WORK REQUIRED.
Pictures stay out of the copy; output exactly the lines from the one containing "Pemkot Banjarmasin keruk" through the end of the material.
--*--
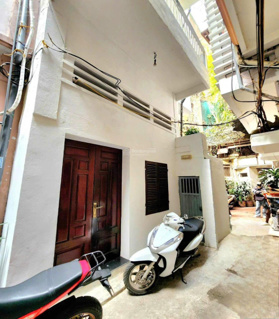 Bán nhà riêng phố Lò Đúc, 3 ngủ, 3.75 tỷ, ở luôn, 2 mặt thoáng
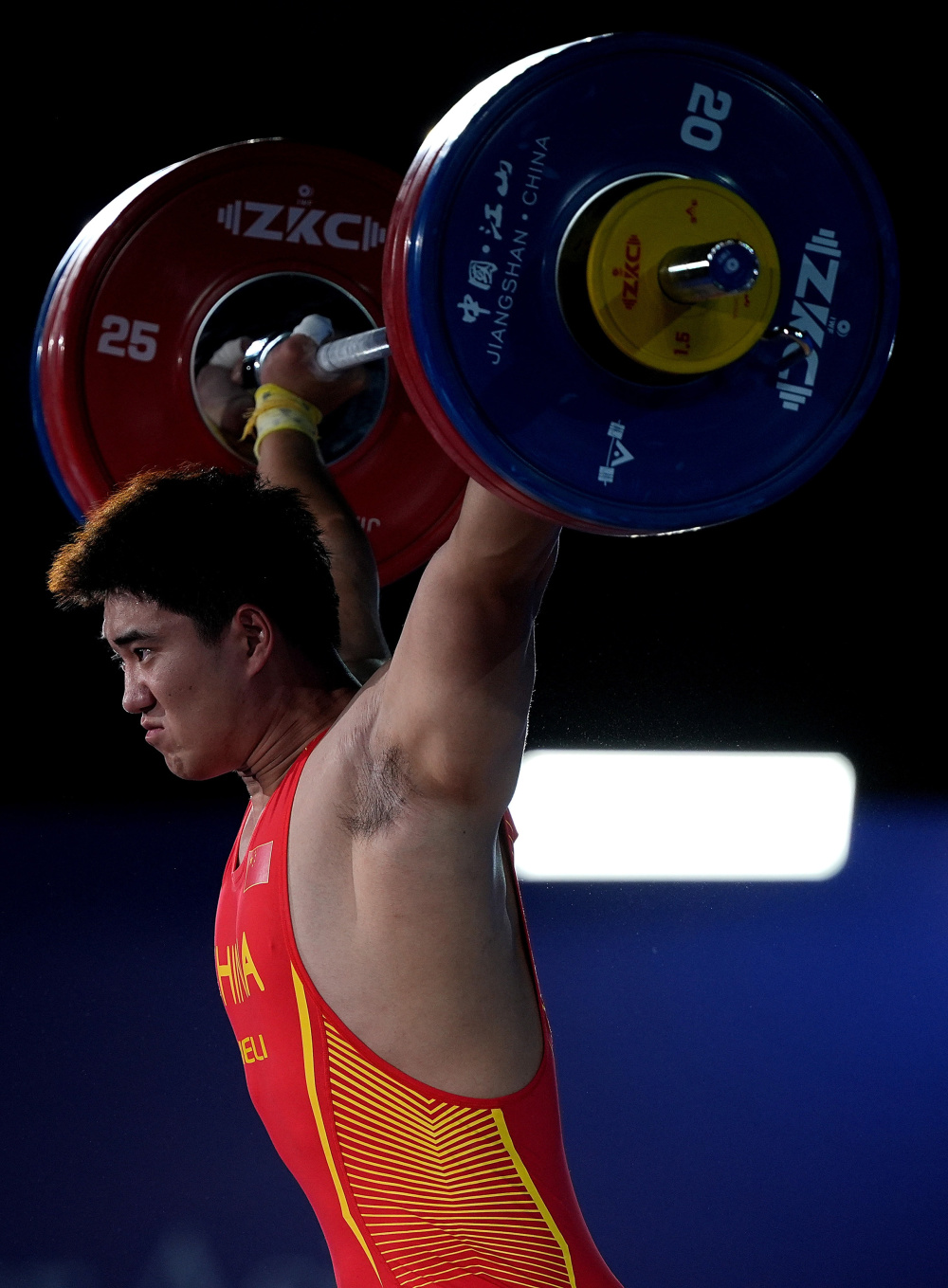 举重比赛男选手夺冠英雄露头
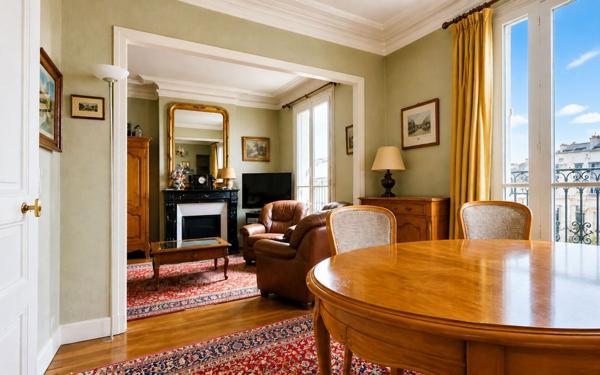 Appartement à vendre    3 pièces • 54 m2 Paris 14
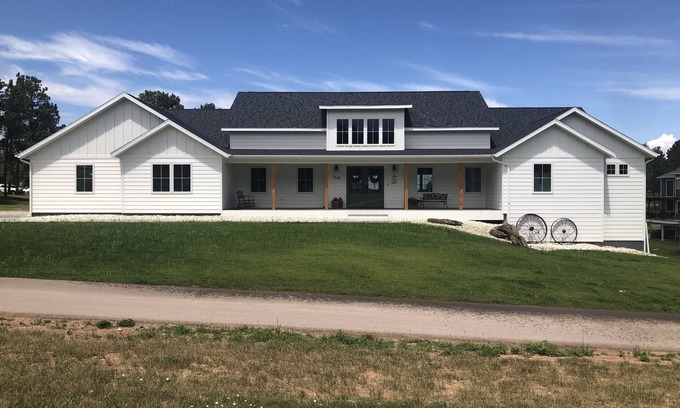 Rapid City House | New build by canyon lake 25 minutes from Sturgis Rally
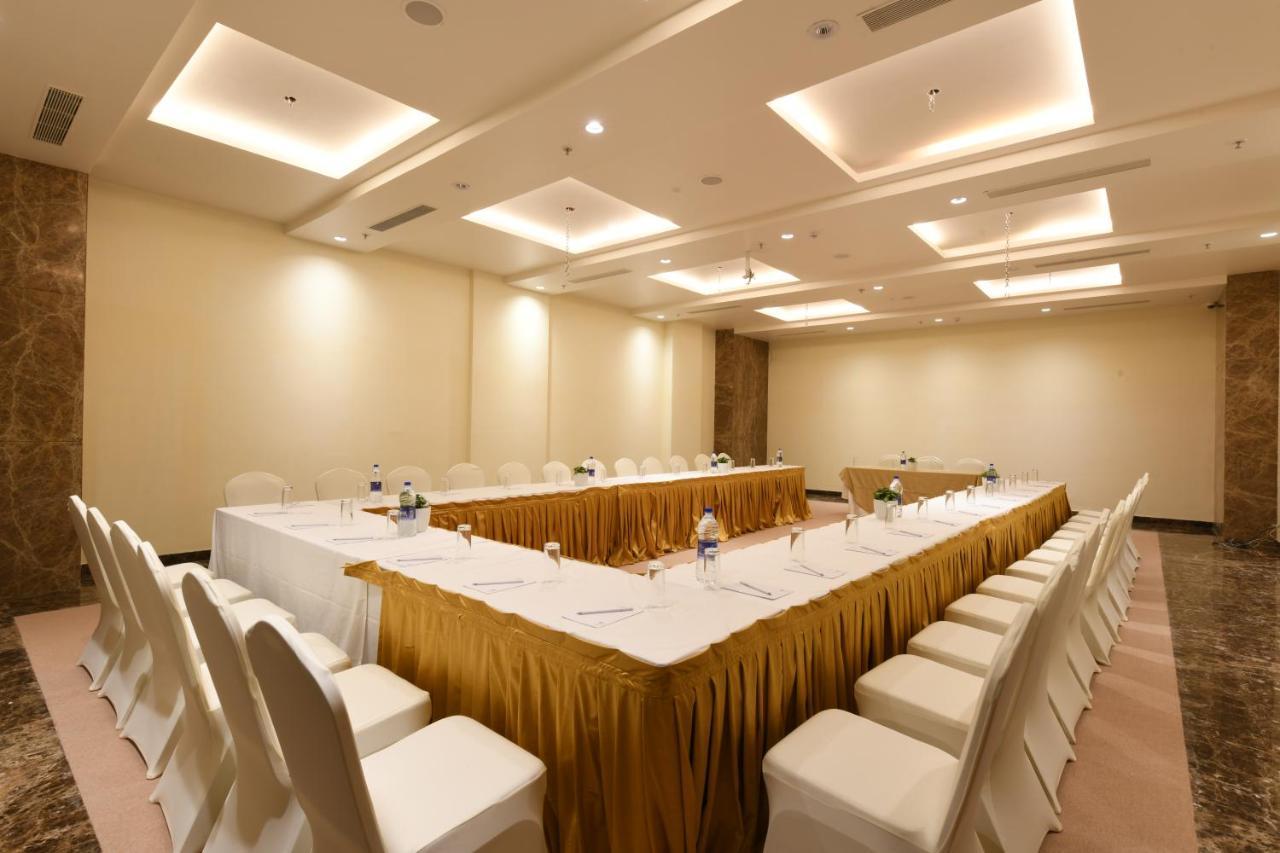 Harsha The Fern Shivamogga Otel Dış mekan fotoğraf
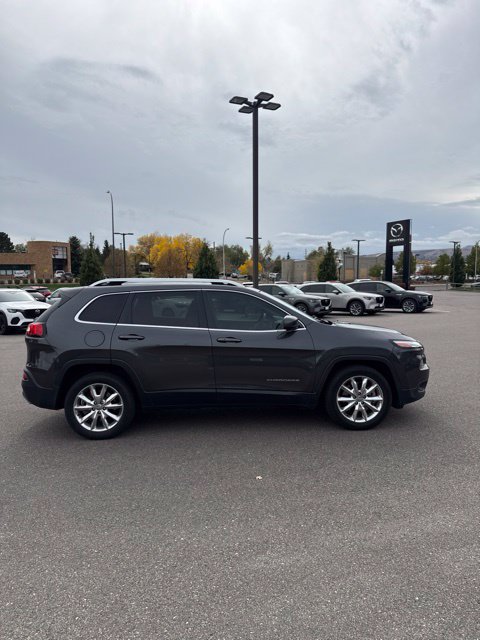 Used 2015 Jeep Cherokee Limited w/ Luxury Group FWD image 4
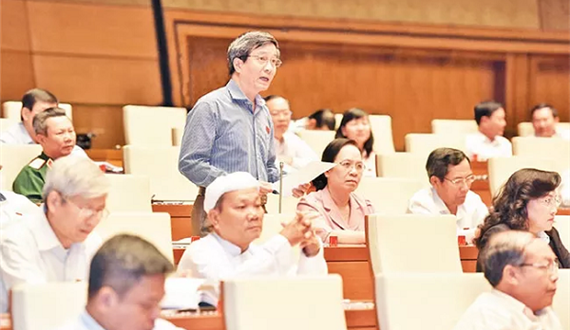 Khắc phục hạn chế để phát triển kinh tế, giáo dục và cải cách tư pháp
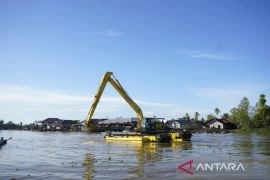Pemkot Banjarmasin keruk sungai sebabkan banjir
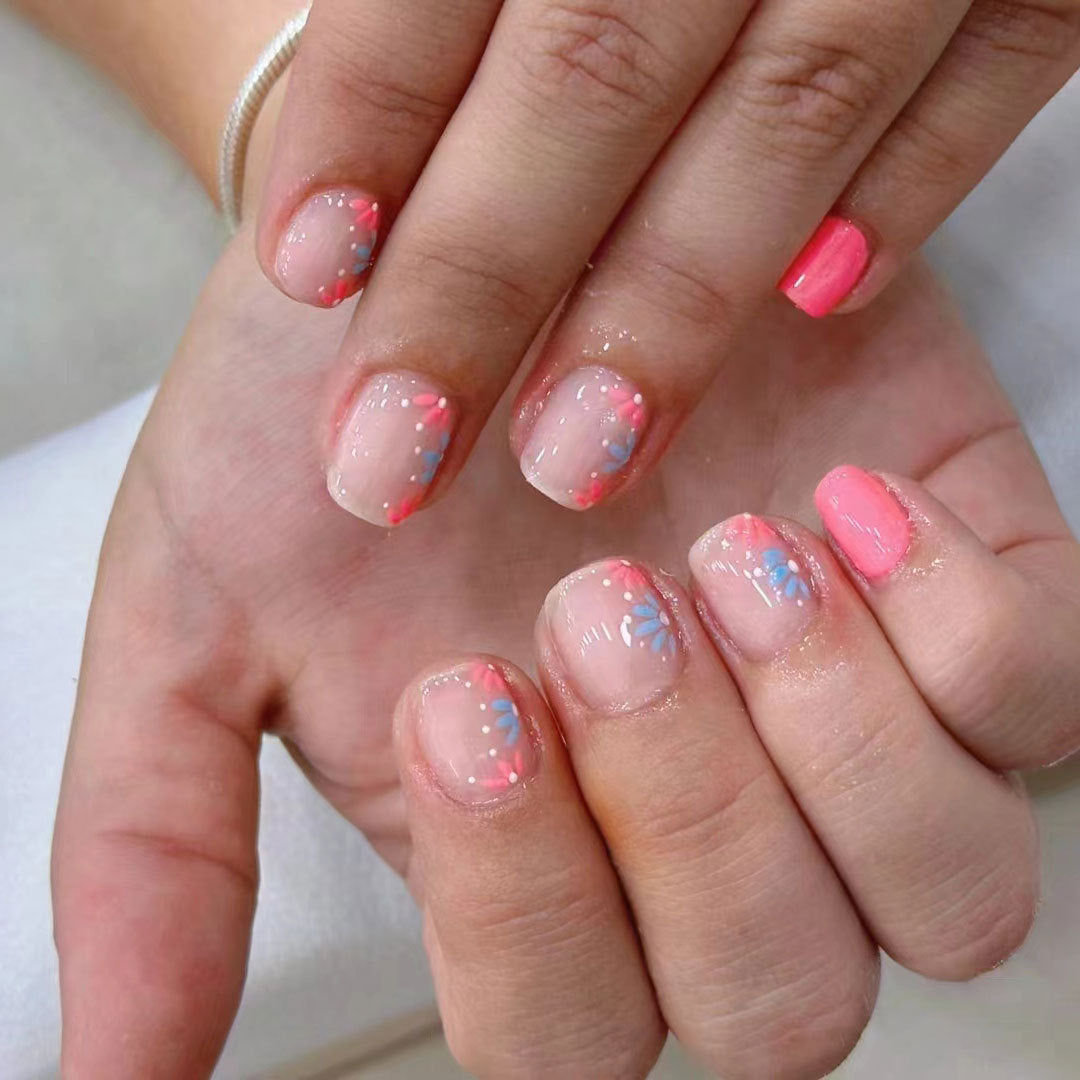 Dekoratives Blumen Nagelkunst Set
--*--
EXPECTED ANSWER.
Pemkot Banjarmasin keruk sungai sebabkan banjir
 Dekoratives Blumen Nagelkunst Set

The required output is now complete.